For MLR, we found that: Out = 0.841-4.807 G3u −8.655 G1e
For MLR-ICA, we had: Out: = 0.386+0.39Le3-0.496 Mor32m
For MLR-GA, we found that: Out= −1.115-10.104G1e+7.301G2v
As can be seen in this table, there is correlation between selected molecular descriptors [Table 5]. We have correlation:
HATS2e with Mor05p
Mor32m with Mor05p
G1e with Mor32m
F02(C-N) with H052
RDF040m with TIC4
F02(C-N) with Mor05p
Table 5 Correlation matrix between selected descriptors.
| TIC 4 |
MATS 6m |
GG 110 |
RDF 040m |
Mor 32m |
Mor 05p |
Mor 22p |
G 3u |
G 2m |
G 2v |
Le 3 |
Gle | H 4e |
HATS 2e |
HO 52 |
F02 (C_N) |
|
|---|---|---|---|---|---|---|---|---|---|---|---|---|---|---|---|---|
| TIC4 | 1 | |||||||||||||||
| MATS6m | 0.19 | 1 | ||||||||||||||
| GGI10 | 0.33 | 0.07 | 1 | |||||||||||||
| RDF040m | 0.65 | -0.01 | 0.30 | 1 | ||||||||||||
| Mor32m | -0.47 | -0.9 | -0.2 | -0.37 | 1 | |||||||||||
| Mor05p | -0.65 | -0.22 | -0.37 | -0.65 | 0.56 | 1 | ||||||||||
| Mor22p | -0.53 | -0.35 | -0.26 | -0.11 | 0.25 | 0.09 | 1 | |||||||||
| G3u | -0.25 | -0.19 | -0.49 | -0.33 | 0.20 | 0.21 | 0.45 | 1 | ||||||||
| G2m | -0.32 | 0.18 | 0.10 | -0.08 | 0.09 | 0.16 | -0.11 | -0.31 | 1 | |||||||
| G2v | 0.01 | 0.05 | 0.25 | 0.14 | -0.18 | -0.05 | -0.4 | -0.37 | 0.63 | 1 | ||||||
| Le3 | 0.21 | 0.08 | 0.06 | 0.06 | -0.67 | -0.13 | -0.29 | -0.04 | 0.03 | 0.1 | 1 | |||||
| Gle | -0.52 | -0.25 | -0.07 | -0.51 | 0.67 | 0.59 | 0.36 | 0.25 | 0.24 | 0.07 | -0.48 | 1 | ||||
| H4e | 0.35 | -0.08 | 0.20 | 0.32 | 0.06 | -0.37 | 0.06 | 0.1 | -0.06 | 0.06 | 0.23 | 0.04 | 1 | |||
| HATS2e | -0.83 | -0.42 | -0.37 | -0.57 | 0.25 | 0.69 | 0.50 | 0.28 | 0.24 | -0.18 | -0.11 | 0.5 | -0.3 | 1 | ||
| H052 | -0.38 | 0.06 | -0.06 | -0.29 | 0.15 | 0.49 | 0.03 | -0.10 | 0.29 | 0.27 | -0.09 | 0.44 | -0.17 | 0.37 | 1 | |
| F02(C_N) | -0.37 | -0.11 | -0.21 | -0.27 | 0.61 | 0.63 | 0.12 | 0.13 | -0.02 | 0.12 | -0.43 | 0.61 | -0.16 | 0.19 | 0.61 | 1 |
In studies with different methods and different goals, compounds 1, 4, 11, 15 and 17 among 21 studied compounds have the lowest deviation and are suggested as the best compounds to make anti-TB drugs.
CONCLUSION
In the present study, MLR, PLS, GA, ANN, ICA and ANN were used as linear and nonlinear models to their calculated molecular descriptors.

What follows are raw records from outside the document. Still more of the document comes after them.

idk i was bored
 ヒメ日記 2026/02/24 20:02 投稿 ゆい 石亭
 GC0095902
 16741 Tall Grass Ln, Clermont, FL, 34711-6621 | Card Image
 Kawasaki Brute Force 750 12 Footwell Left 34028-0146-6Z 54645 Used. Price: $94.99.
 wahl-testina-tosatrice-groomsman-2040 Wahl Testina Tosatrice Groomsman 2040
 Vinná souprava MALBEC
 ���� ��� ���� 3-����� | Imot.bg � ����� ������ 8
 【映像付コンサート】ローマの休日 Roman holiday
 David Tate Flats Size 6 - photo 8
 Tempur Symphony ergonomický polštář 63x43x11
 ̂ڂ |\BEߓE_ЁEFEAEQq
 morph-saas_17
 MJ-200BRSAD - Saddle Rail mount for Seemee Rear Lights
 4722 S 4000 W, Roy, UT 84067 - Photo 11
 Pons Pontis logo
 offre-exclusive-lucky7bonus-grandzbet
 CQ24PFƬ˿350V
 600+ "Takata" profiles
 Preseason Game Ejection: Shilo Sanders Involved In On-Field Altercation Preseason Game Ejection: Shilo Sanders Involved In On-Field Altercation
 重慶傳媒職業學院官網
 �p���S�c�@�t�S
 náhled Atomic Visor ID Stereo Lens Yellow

The calculated statistical parameters of these models revealed that ANN was better than others which means that there are some linear and nonlinear relations between selected molecular descriptors and their structures. ANN and ICA were successfully used to develop a QSAR model for ethylene diamine derivatives that provided the best results in comparison with other methods. This attempt to correlate log (1/IC50) with theoretically calculated molecular descriptors led to a relatively successful QSAR model that relates these derivatives.